- What the task requires -
Pictures are to be left out; every line from the one that holds "vidaXL Cama box" to the end of the data is to be retyped exactly.

- Supplied material -
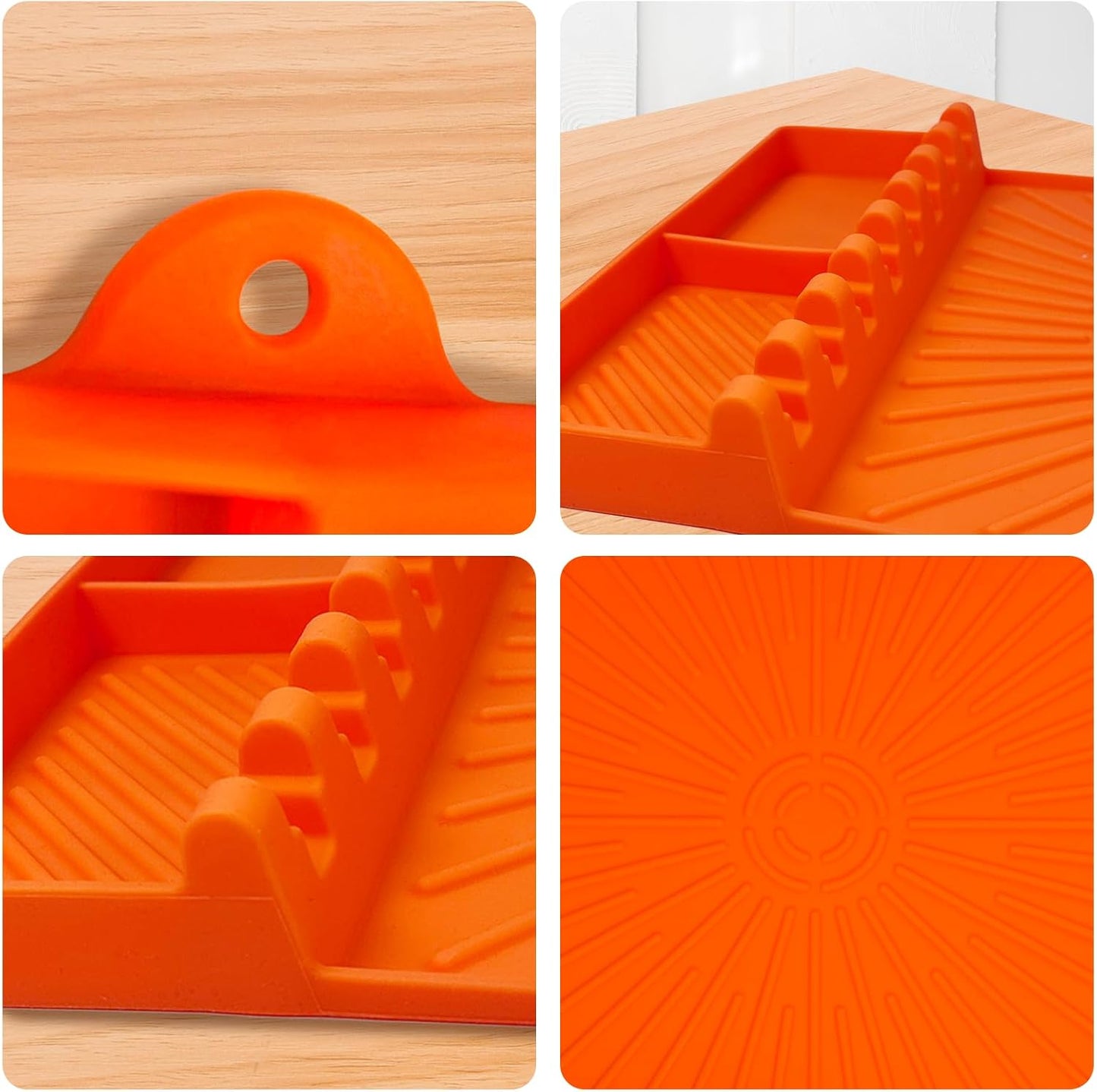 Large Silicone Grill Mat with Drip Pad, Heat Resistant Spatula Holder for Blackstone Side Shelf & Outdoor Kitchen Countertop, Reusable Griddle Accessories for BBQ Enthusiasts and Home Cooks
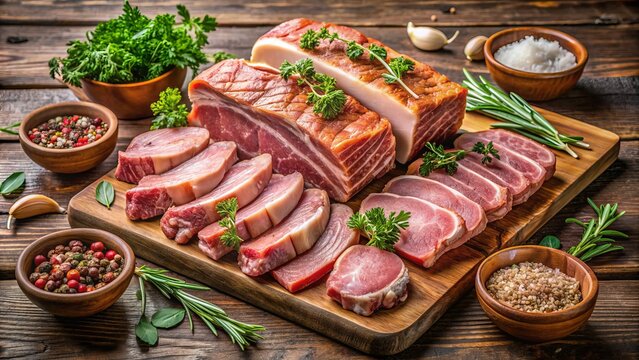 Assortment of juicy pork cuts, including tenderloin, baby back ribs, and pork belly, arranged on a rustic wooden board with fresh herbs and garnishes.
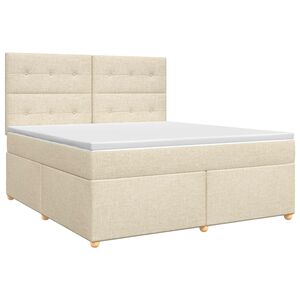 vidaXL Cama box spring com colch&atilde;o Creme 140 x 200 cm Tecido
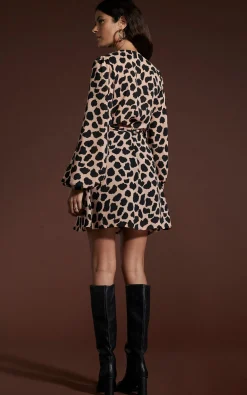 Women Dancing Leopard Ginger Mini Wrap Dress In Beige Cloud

- Solution to the exercise -
 vidaXL Cama box spring com colch&atilde;o Creme 140 x 200 cm Tecido
 Women Dancing Leopard Ginger Mini Wrap Dress In Beige Cloud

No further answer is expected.